Truth is often stranger than fiction and this following entry illustrates this point well. It was sent to us by a certain   K. " Sparkles" Farquar of Kirby , Ontario.  Read on...strange Lutefaces are coming.

 

Roaring Nineties in Paisley
   I was a  lad of 19 when I was blessed with being able to see Luteface in action. I have been a fan ever since. The date was July 14th 1976 and the location was Paisley Ontario.
 Luteface was playing on the street as part of the Paisley " Back to the Roaring Nineties " Festival. Now keep in mind, this was 1976, so the 1990's had not happened yet, so the festival title refers to the 1890's.
  The main street was full of people and was all dressed up in bunting and bows. Barber shop quartettes sang from every corner and as I slurped on a large Rocky Road ice cream cone, I even watched a performance by the local Sweet Adellines. I noticed that everyone was dressed in period costume.
 After seeing four or five Barber Shop Quartettes  perform I was ready to head back to the campsite ( I was camping with friends at the newly opened McGregor Point Provincial Park nearby). My hangover from the night before was making my head implode and the harmony singing was not helping. I was heading back down the street past the main stage when a new group of performers stumbled onto stage. They were oddly attired in ill fitting period costumes and they carried strange instruments - lutes and things that looked like guitars with far too many strings.
   As they took their places, the MC announced them as Luteface from Rextown, Ontario and they started to play. ...well at least they were making the motions as no one could hear them over the sound of screaming kids, carousels and carnie barkers and hawkers. This being an authentic period re-enactment of the 1890's - there was no amplification.
  " fucking shit!" said a long haired and bearded dude next to me..." no -one can hear them...this is a travesty!"
 " Do you know this band " I asked.
 " Know it?  Man, I tour with these guys This is LUTEFACE!..and my name is Pi! , Glad tae meet ya!"
 With that he transferred his foot long hot dog to his left hand and stuck out a mustard smeared hand for shaking. " The festival insists they play period, dress in period and without amplification. I don't know how we got into this mess...what a fuckin' mess!...they boys are gonna explode at any moment".
  I looked up at the band and indeed, they seemed to vibrate with some inner energy waiting to be unleashed. The drummer sat in a pin-stripped suit two sizes too small. He wore a bowler hat. The Lute player had on a similar outfit but his hat was straw boater. The other two members were wearing floral waistcoats over shirt sleeves and had on fake curled moustaches, except that they wore them upside down- perhaps as a protest. The black moustaches looked odd on them as they both bore white blonde crew cuts.
  They played on- making the motions literally. Occasional a note popped out of the background din. All of a sudden one of the blonde dudes turned behind him and ripped a throw cloth off of a large Marshal amplifier. Buttons were pushed and he threw a patchcord to the Lute player.
 The drummer grinned and threw his bowler into the crowd. The other guitarist yelled out: " who wants some fuckin' rock?".
  Well, I must say that I was ready to hear some rock...but I did not expect what was to come. Waves of distorted Lute washed over me. The two blondes' faces were contorted as they sang in unison. This was amazing. Several show organizers rushed the stage with fluttering hands. One of them headed for the power source and amps. I noticed that Pi was gone from beside me and then I saw him beside the stage laying a beating on several MCs with his foot long hotdog. Mustard was spraying everywhere.
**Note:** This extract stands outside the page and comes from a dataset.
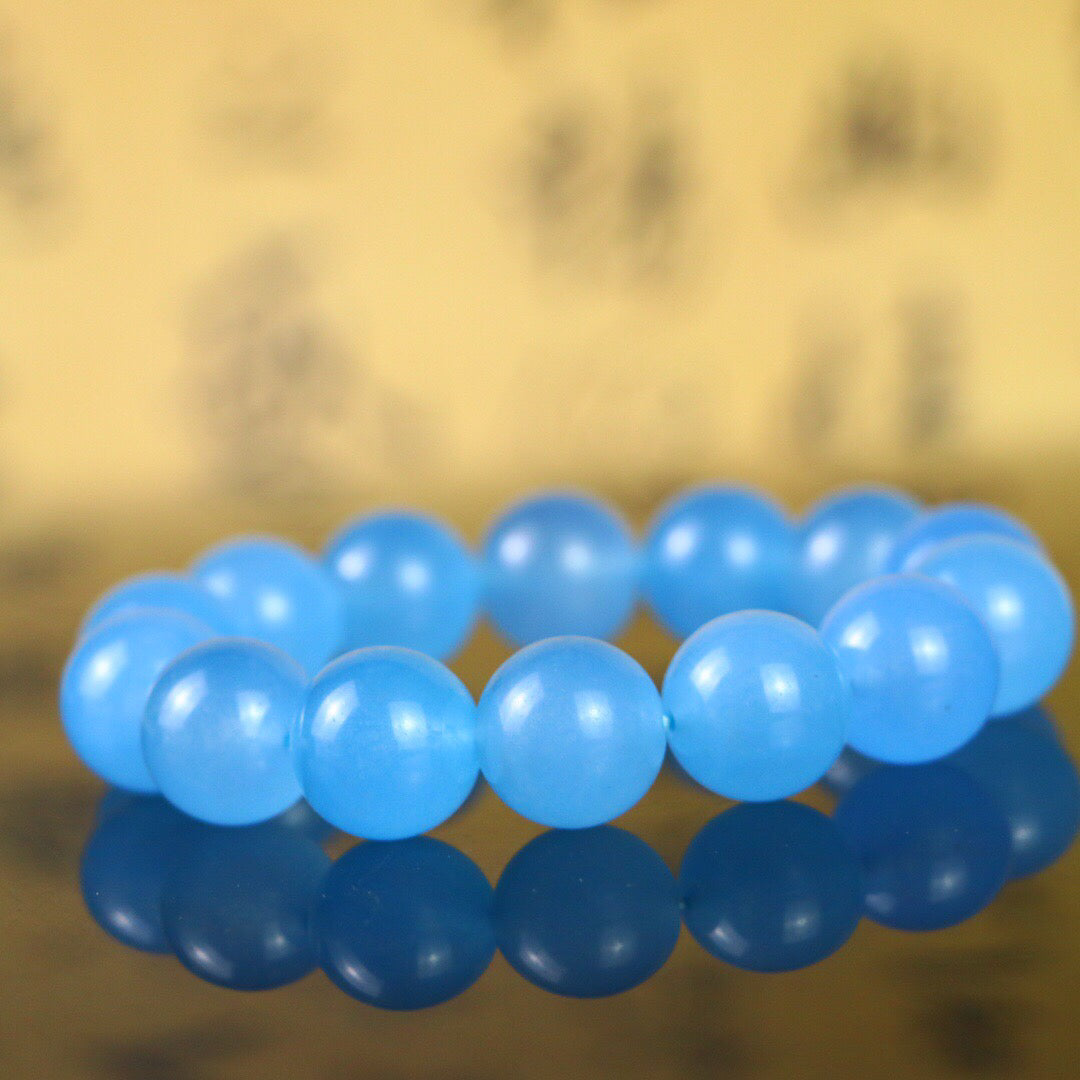 Chinese antique high ice bracelet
 The two singers were by now, baying like Jim Morrison styled wolverines...taunting the crowd, imploring them with strange grunts and howls.

   It may have been the raw energy or the sun or the hangover , or the ice cream but I puked all over the people in front of me. That is all I remember as I passed out from dehydration and sun stroke. I woke up a while later under a tree in a park. I don't know how I got there, but there were several Lps in bag beside me and a note attached that read:

" see us next week in St. Kilda next weekend. We need fans like you!" In the bag was a foot long - wrapped and still warm"
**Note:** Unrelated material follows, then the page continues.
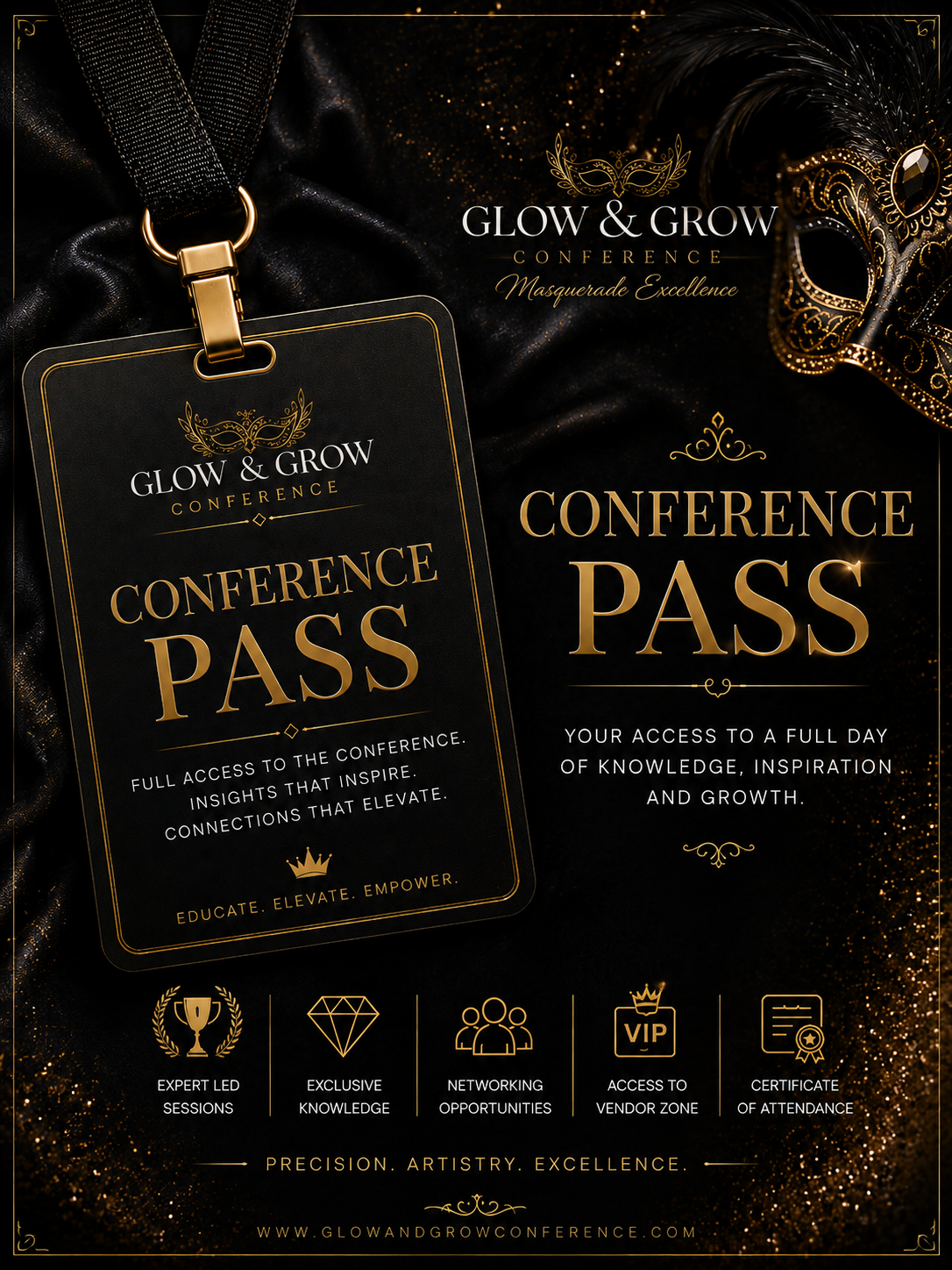 Conference Pass Only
 I guess that was the beginning of a musical love affair and from that point on I knew that true art must always shine and go forward unfettered!

 

 This report follows fast on the heels of the one  submitted May 7th. This report is submitted by Luteface fanatic fan (know as a Lutemandali) Dave Rankine of Dulcimerhead, the band which has covered a number of Luteface originals.
 May 14th  Faces at the Back
  On May 9th, Theatre on Main in Newmarket was host to my 50th Birthday concert celebration. It was fantastic evening of friends, fun, cake, singing, drumming and LOUD prog-rock.
  I was on stage playing, along with fellow Dulcimerhead Fernando (Inferno) Villalobos. I think we were playing our other cover - The Who's 1967 masterpiece, I CAN SEE FOR MILES, when Fernando gave three quick raps with his drum sticks. This is our agreed upon signal for danger or at the very least one that says: " beware...dark forces are at hand".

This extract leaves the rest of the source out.